Biting her lip in anger and dismay, Magda moved behind the chair and turned it toward the keep.
TWENTY
He seated himself a few feet back from the window where he could hear the rest of the conversation below yet remain out of sight should Magda chance to look up again. He had been careless earlier. In his eagerness to hear, he had leaned on the sill. Magda's unexpected upward glance had caught him. At that point he had decided that a frontal assault was in order and had gone downstairs to join them.
Now all talk seemed to have died. As he heard the creaky wheels of the professor's chair start to turn, he leaned forward and watched the pair move off, Magda pushing from behind, appearing calm despite the turmoil he knew to be raging within her. He poked his head out the window for one last look as she rounded the corner and passed from view.

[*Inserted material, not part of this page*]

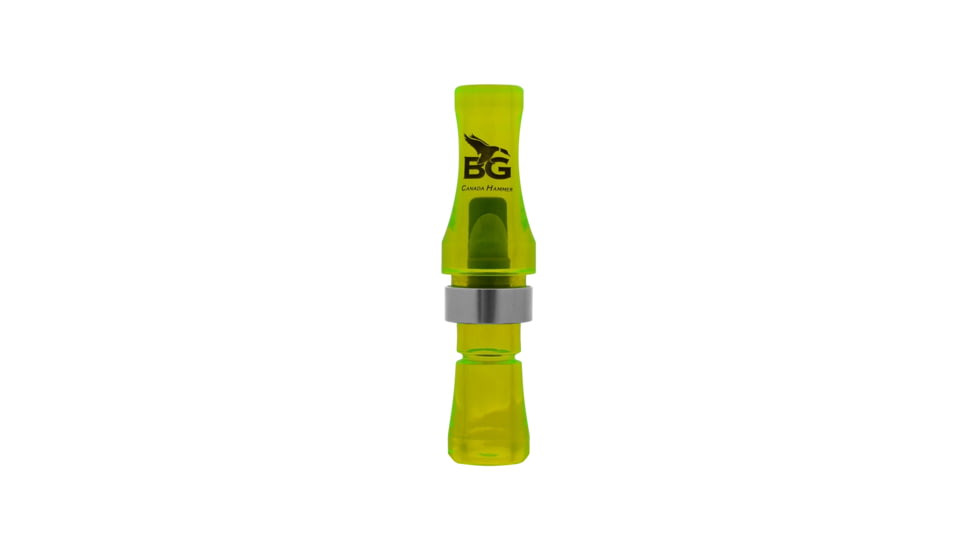 Buck Gardner Canada Hammer Goose Call, Polycarbonate, Fluorescent Green CHP-FG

On impulse, he dashed to his door and stepped out into the empty hall; three long strides took him diagonally across to Magda's room. Her door opened at his touch and he went directly to the window. She was on the path to the causeway, pushing her father ahead of her.
He enjoyed watching her.
She had interested him from their first meeting on the gorge rim when she had faced him with such outward calm, yet all the while clutching a heavy stone in her hand. And later, when she had stood up to him in the foyer of the inn, refusing to give up her room, and he was seeing her then for the first time in the light with her eyes flashing, he had known that some of his defenses were softening. Deep-brown doe eyes, high-colored cheeks ... he liked the way she looked, and she was lovely when she smiled. She had done that only once in his presence, crinkling her eyes at the corners and revealing white, even teeth. And her hair ... the little wisps he had seen of it were a glossy brown ... she would be striking with her hair down instead of hidden away.
But the attraction was more than physical. She was made of good stuff, that Magda. He watched her take her father to the gate and give him over to the guard there. The gate closed and she was left alone on the far end of the causeway. As she turned and walked back, he retreated to the middle of her room so he wouldn't be visible at the window. He watched her from there.